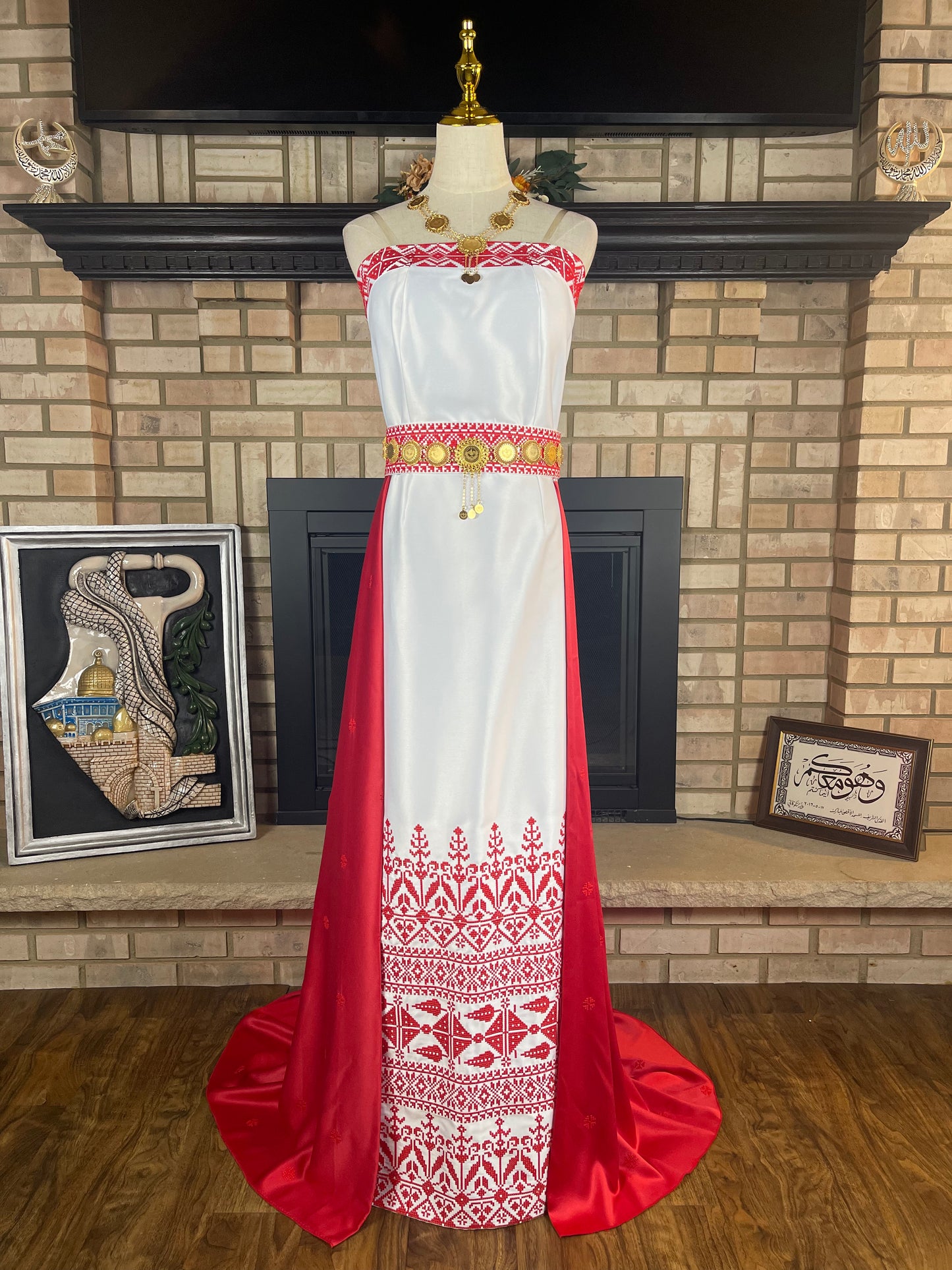 White/Red Satin Strapless Bridal Thobe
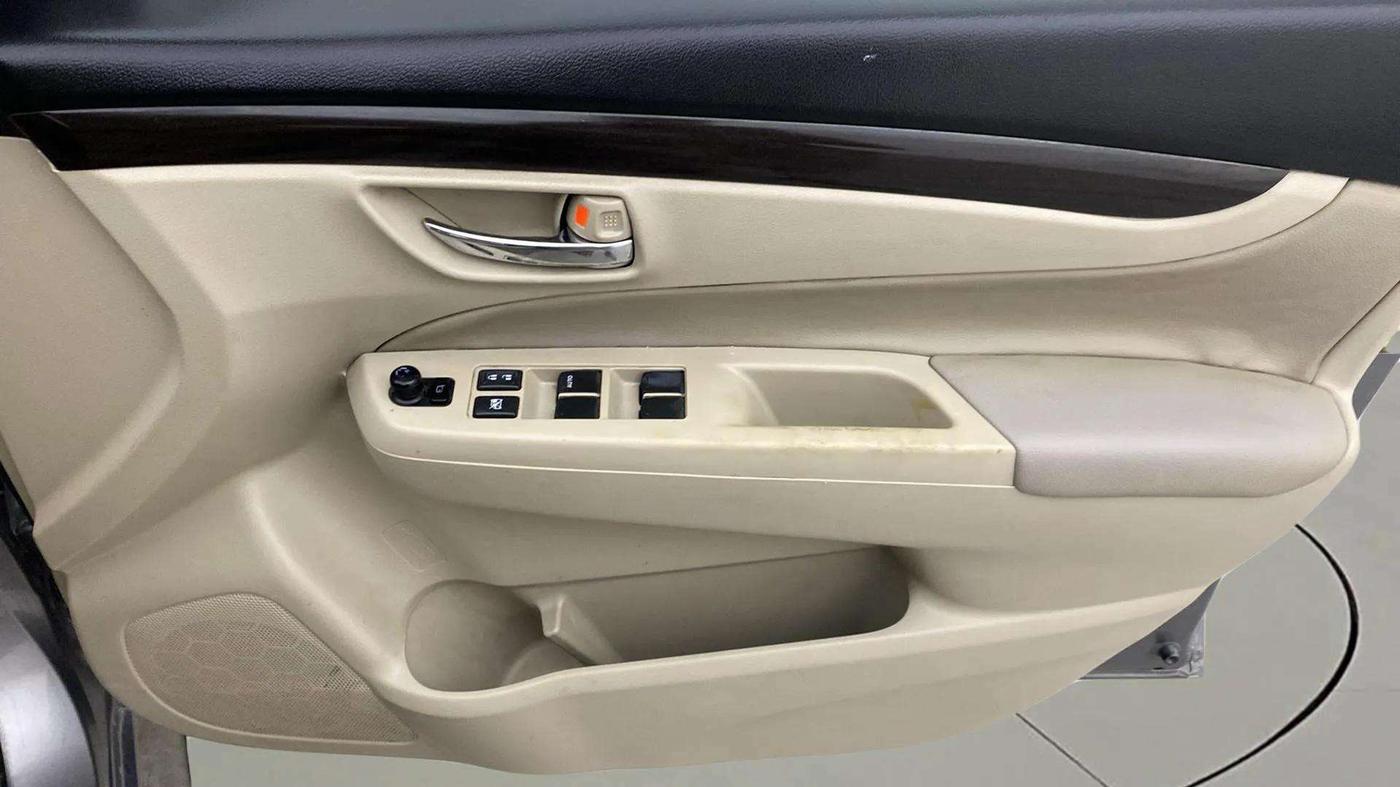 2016 Maruti Ciaz ZXI+, Petrol, Manual, 68,155 km, Driver Side Door Panels Control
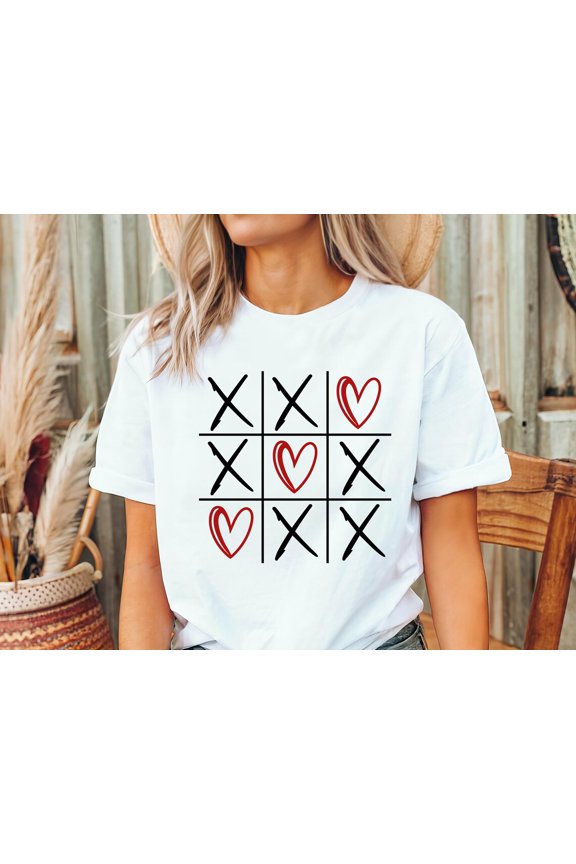 Xoxo Game Shirt Sweatshirt | Cute And Cozy Fashion For Games | Unisex Graphic Tee, Perfect For Parties And Casual Wear. All Size S-5XL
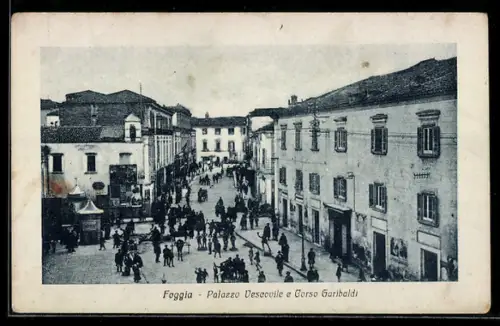 AK Foggia, Palazzo Vescovile e Corso Garibaldi con folla di persone
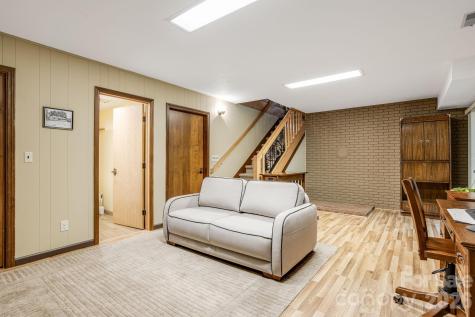 36 Foxglove Road Hendersonville NC 28739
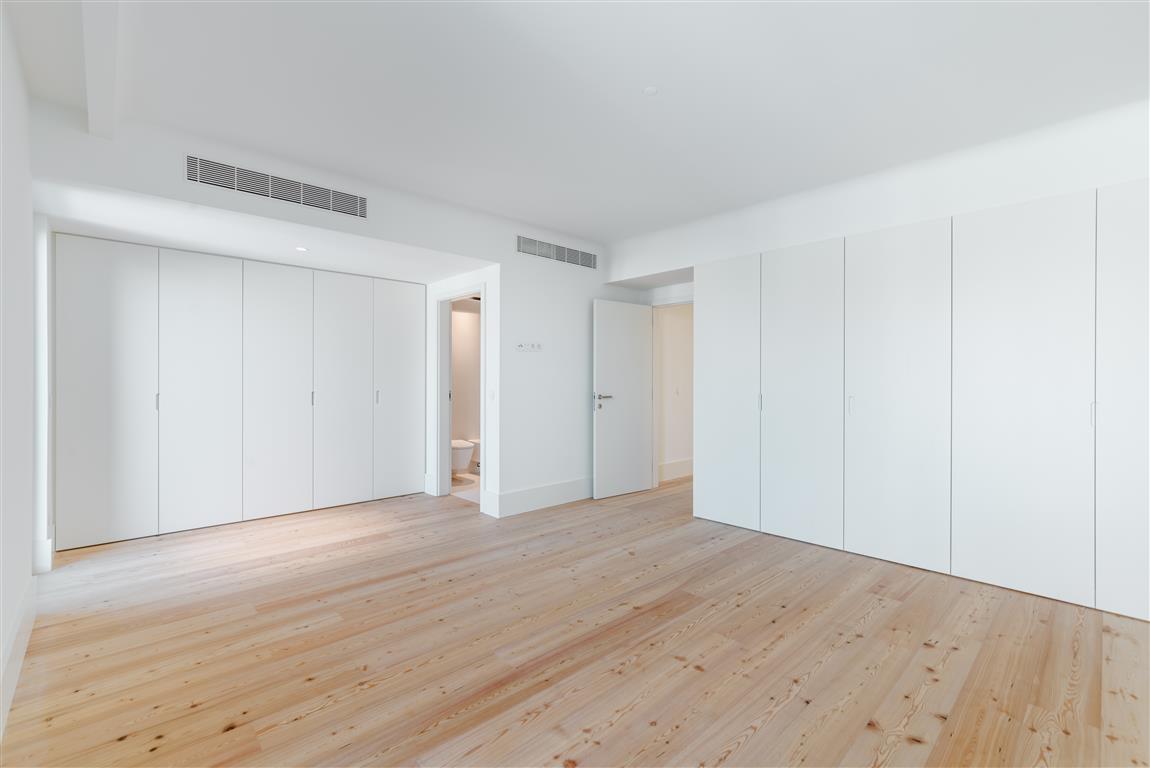 ID95f55501-0000-0500-0000-000014141146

■ ■ ■ ■ ■ ■ ■

▸ **Task description**:
Skip every picture, and give the rest of the material above again exactly.

▸ **Solution**:
 White/Red Satin Strapless Bridal Thobe
 2016 Maruti Ciaz ZXI+, Petrol, Manual, 68,155 km, Driver Side Door Panels Control
 Xoxo Game Shirt Sweatshirt | Cute And Cozy Fashion For Games | Unisex Graphic Tee, Perfect For Parties And Casual Wear. All Size S-5XL
 AK Foggia, Palazzo Vescovile e Corso Garibaldi con folla di persone
 36 Foxglove Road Hendersonville NC 28739
 ID95f55501-0000-0500-0000-000014141146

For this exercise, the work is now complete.